Environmental organization based in Puerto Rico

Caborrojeños Pro Salud y Ambiente, Inc. (CPSA, Caborrojeños for Health and Environment) is a non-profit environmentalist organization based in Cabo Rojo, Puerto Rico.

The organization was founded in 1990 by a group of concerned residents who wanted to improve the livings standards of Cabo Rojo and Puerto Rico in general, and was incorporated as a non-profit in 1991. The organization's first president and main driving force was Efrén Pérez Rivera, an ecologist and retired professor of the University of Puerto Rico at Mayagüez. The organization partnered with the US Fish & Wildlife Service to preserve and manage the Cabo Rojo Salt Flats.

CPSA promotes efforts to preserve the indigenous flora and fauna of the Cabo Rojo area. The organization created and manages the Centro Interpretativo, a visitors' center in the Salinas area, near the Los Morrillos Lighthouse. Volunteers at the Centro Interpretativo provide guided walking tours that allow visitors to experience the local wildlife and fauna. CPSA collaborated with Walmart on the Sowing the Development of the Country (SDE) Project before withdrawing in 2008.

The group was also actively involved in the preservation of Isla de Ratones (Mice Island), a small island off the coast of Cabo Rojo. The island has been suffering from significant erosion during the past decades. Caborrojeños Pro Salud y Ambiente, with the help of the local government, planted mangroves and launched a project to repopulate the local coral population in order to stop the erosion.

The group was part of the alliance of environmental groups that fought the installation the carbon power station Cogentrix.
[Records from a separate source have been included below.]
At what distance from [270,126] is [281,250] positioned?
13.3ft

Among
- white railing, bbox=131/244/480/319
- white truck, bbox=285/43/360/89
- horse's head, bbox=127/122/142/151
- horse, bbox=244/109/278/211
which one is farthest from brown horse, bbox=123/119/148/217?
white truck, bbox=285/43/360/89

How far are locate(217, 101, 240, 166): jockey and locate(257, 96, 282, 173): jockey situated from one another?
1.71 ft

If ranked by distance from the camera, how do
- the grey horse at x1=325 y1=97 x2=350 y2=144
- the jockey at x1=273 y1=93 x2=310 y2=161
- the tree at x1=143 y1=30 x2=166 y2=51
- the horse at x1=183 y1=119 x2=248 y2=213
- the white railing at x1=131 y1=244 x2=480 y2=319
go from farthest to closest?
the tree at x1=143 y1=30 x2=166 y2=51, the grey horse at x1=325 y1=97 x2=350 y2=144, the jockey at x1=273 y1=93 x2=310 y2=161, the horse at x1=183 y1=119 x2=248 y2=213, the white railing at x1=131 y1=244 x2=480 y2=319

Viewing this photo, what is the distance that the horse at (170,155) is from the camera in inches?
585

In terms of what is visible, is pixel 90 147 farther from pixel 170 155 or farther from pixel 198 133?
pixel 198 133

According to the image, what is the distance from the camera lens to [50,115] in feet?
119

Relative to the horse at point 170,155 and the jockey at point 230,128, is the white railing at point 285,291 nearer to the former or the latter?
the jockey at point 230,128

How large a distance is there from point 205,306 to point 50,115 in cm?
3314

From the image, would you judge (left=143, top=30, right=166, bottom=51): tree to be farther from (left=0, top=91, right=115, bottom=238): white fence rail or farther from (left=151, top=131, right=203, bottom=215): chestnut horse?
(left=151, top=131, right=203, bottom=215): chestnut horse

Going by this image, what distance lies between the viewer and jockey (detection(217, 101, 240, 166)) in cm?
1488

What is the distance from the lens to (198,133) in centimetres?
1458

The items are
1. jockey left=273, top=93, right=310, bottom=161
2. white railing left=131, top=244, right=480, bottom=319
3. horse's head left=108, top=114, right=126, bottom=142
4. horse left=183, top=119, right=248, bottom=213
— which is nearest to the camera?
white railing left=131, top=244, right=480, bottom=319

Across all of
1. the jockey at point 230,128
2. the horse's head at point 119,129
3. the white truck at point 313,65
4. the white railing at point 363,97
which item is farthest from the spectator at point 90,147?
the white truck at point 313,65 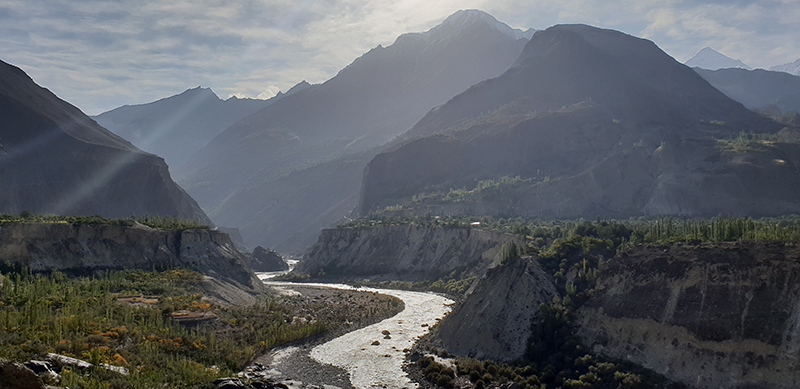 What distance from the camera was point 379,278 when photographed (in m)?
117

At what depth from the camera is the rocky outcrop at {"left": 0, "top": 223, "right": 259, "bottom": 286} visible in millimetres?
61625

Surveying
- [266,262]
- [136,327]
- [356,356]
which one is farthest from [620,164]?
[136,327]

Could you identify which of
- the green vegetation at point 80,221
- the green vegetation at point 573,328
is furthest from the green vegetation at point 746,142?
the green vegetation at point 80,221

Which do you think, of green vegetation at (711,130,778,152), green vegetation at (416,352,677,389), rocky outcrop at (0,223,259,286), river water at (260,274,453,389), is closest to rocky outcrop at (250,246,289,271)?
rocky outcrop at (0,223,259,286)

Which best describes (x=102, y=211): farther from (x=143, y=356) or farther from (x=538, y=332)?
(x=538, y=332)

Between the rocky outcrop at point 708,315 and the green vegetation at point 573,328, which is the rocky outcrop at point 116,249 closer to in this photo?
the green vegetation at point 573,328

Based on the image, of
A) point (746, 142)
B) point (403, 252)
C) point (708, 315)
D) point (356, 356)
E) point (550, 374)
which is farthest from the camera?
point (746, 142)

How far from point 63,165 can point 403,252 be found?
286ft

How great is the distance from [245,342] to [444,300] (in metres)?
39.1

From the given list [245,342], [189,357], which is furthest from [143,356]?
[245,342]

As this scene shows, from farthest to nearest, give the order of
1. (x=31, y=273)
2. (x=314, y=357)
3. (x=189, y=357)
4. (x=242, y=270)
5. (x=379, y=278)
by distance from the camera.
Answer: (x=379, y=278) → (x=242, y=270) → (x=31, y=273) → (x=314, y=357) → (x=189, y=357)

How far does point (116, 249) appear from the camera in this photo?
7025 cm

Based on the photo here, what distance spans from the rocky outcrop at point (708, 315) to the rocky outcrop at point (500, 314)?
15.5 ft

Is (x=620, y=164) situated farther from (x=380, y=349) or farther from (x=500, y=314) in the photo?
(x=380, y=349) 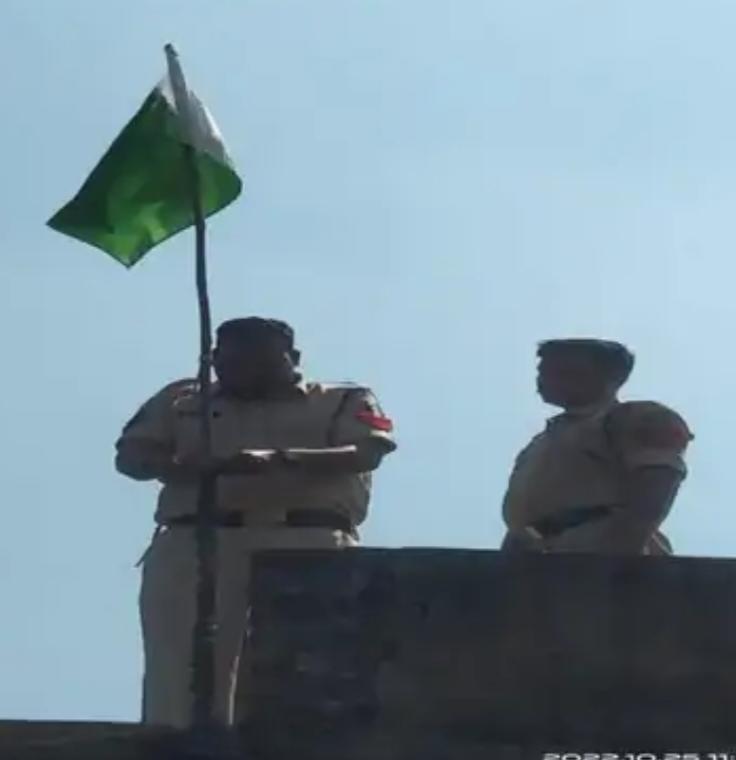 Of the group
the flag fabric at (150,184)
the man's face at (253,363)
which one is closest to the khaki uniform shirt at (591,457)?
the man's face at (253,363)

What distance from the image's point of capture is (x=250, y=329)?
11.7 m

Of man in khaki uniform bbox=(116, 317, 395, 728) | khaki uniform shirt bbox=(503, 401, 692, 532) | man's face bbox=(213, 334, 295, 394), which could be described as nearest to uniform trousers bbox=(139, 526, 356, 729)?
man in khaki uniform bbox=(116, 317, 395, 728)

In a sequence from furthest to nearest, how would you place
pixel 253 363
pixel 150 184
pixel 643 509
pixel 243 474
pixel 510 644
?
pixel 150 184
pixel 253 363
pixel 243 474
pixel 643 509
pixel 510 644

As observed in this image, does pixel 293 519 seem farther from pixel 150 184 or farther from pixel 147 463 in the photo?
pixel 150 184

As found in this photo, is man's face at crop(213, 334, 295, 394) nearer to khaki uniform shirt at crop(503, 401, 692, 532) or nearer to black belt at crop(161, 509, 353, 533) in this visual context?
black belt at crop(161, 509, 353, 533)

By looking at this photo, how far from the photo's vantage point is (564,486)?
11.3 m

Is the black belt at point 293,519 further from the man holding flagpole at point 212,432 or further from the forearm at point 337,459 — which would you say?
the forearm at point 337,459

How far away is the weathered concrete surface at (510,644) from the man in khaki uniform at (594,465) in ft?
0.85

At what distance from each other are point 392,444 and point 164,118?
1390mm

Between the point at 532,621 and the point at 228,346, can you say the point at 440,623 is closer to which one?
the point at 532,621

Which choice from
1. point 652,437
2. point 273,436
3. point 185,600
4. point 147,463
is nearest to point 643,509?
point 652,437

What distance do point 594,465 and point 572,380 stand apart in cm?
34

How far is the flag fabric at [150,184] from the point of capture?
1180cm

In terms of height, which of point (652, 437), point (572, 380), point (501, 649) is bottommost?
point (501, 649) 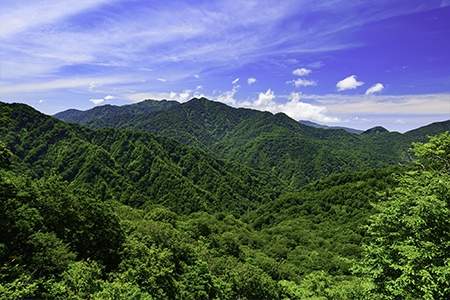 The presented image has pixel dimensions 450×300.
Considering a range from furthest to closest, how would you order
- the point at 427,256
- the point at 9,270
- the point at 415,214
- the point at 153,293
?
the point at 153,293
the point at 9,270
the point at 415,214
the point at 427,256

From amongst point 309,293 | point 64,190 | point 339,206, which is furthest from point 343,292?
point 339,206

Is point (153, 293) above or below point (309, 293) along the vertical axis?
above

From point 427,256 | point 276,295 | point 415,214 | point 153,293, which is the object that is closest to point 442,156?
point 415,214

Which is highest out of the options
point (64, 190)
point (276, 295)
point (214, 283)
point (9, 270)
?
point (64, 190)

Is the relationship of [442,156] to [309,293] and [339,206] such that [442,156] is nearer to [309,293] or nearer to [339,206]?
[309,293]

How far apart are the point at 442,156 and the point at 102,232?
35337mm

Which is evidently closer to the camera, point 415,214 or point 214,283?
point 415,214

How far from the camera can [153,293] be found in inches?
1294

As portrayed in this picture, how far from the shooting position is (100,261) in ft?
131

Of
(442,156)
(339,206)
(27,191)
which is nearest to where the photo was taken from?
(442,156)

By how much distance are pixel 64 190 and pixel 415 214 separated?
35818 millimetres

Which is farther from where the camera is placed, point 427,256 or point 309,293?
point 309,293

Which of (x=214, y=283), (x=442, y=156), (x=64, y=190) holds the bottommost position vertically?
(x=214, y=283)

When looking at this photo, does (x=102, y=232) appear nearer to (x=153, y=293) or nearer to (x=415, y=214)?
(x=153, y=293) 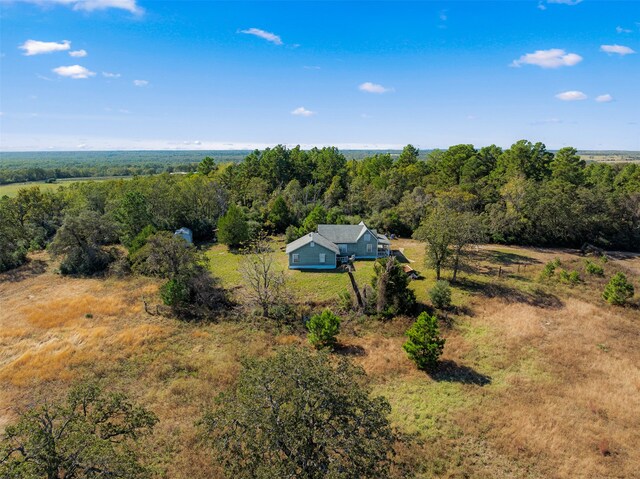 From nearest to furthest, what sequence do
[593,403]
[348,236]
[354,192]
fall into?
1. [593,403]
2. [348,236]
3. [354,192]

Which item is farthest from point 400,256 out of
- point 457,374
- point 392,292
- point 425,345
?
point 457,374

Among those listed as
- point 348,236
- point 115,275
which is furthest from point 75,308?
point 348,236

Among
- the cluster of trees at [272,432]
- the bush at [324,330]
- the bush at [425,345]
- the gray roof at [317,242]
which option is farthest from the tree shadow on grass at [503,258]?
the cluster of trees at [272,432]

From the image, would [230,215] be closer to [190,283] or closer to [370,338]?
[190,283]

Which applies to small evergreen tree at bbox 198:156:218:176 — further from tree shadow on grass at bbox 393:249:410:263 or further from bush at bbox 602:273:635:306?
bush at bbox 602:273:635:306

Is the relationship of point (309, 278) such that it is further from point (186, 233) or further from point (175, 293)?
point (186, 233)
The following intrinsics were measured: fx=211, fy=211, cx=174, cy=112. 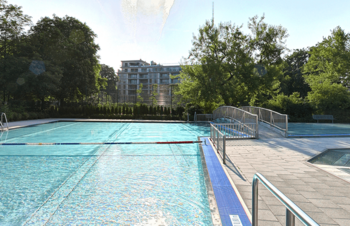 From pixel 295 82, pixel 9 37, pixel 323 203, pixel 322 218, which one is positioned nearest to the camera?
pixel 322 218

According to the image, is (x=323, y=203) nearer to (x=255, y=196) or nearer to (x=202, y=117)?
(x=255, y=196)

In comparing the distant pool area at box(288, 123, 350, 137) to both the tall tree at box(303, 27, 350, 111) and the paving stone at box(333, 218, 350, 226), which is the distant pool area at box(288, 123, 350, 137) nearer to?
the tall tree at box(303, 27, 350, 111)

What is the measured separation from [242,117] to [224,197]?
9302mm

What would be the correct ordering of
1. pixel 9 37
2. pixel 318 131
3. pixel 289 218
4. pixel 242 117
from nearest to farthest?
1. pixel 289 218
2. pixel 242 117
3. pixel 318 131
4. pixel 9 37

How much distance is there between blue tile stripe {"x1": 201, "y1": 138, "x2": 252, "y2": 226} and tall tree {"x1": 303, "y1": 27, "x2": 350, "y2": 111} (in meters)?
22.5

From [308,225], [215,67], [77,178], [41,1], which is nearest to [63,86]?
[41,1]

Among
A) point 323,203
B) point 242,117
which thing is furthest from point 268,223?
point 242,117

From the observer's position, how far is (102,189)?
15.4 feet

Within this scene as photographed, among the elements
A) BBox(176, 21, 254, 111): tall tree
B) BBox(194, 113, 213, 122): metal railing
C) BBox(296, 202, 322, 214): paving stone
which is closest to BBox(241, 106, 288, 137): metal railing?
BBox(176, 21, 254, 111): tall tree

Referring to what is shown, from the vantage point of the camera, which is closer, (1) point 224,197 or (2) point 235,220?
(2) point 235,220

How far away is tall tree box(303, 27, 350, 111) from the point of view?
887 inches

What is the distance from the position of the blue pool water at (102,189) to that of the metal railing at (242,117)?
4399 millimetres

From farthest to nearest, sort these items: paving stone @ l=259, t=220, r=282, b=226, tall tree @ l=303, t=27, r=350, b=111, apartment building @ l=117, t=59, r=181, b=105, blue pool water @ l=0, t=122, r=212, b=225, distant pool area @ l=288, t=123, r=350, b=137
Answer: apartment building @ l=117, t=59, r=181, b=105 < tall tree @ l=303, t=27, r=350, b=111 < distant pool area @ l=288, t=123, r=350, b=137 < blue pool water @ l=0, t=122, r=212, b=225 < paving stone @ l=259, t=220, r=282, b=226

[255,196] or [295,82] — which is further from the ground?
[295,82] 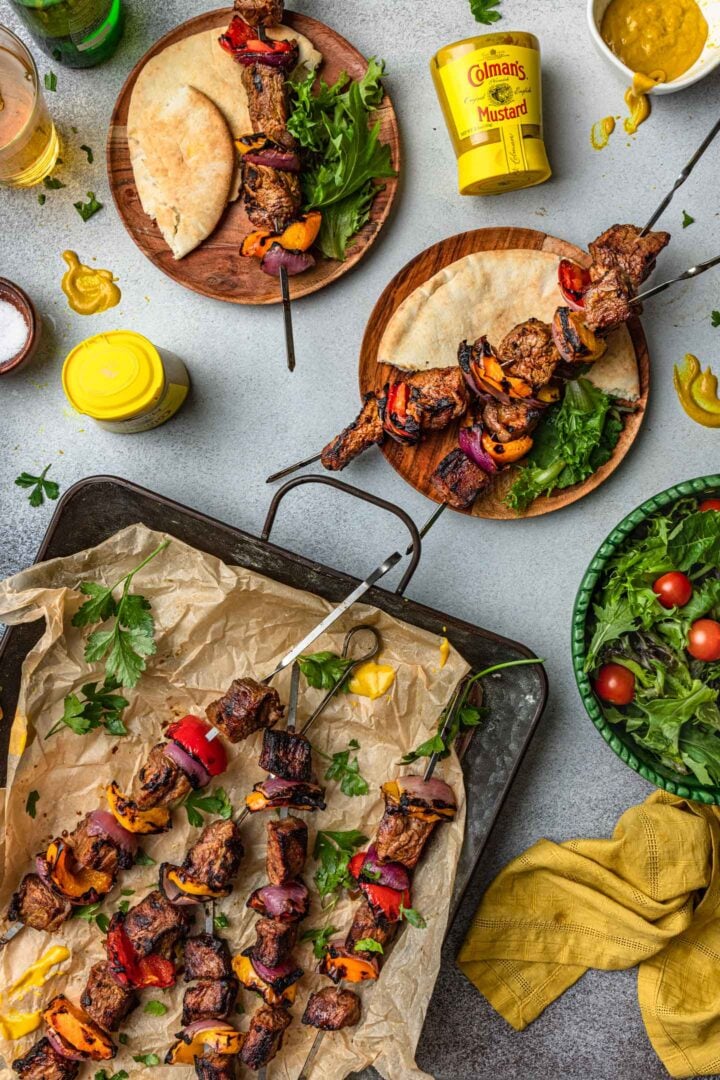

Caborrojeños Pro Salud y Ambiente was actively involved in the reconstruction effort of the Los Morrillos Lighthouse, achieving a grant from the U.S. Federal government to restore the historic building. However, political moves and the inactivity of Cabo Rojo mayor Santos Padilla doomed the plan and the federal grant was lost.

In 1999, the group received the Urban Community Award, presented by the Puerto Rico Forestry Conference Annual Convention. In 2003, the organization was awarded the Environmental Protection Agency Environmental Quality Award The group was also recognized by the Miranda Foundation.

The current president is retired college professor Dr. Pedro Valle Carlo.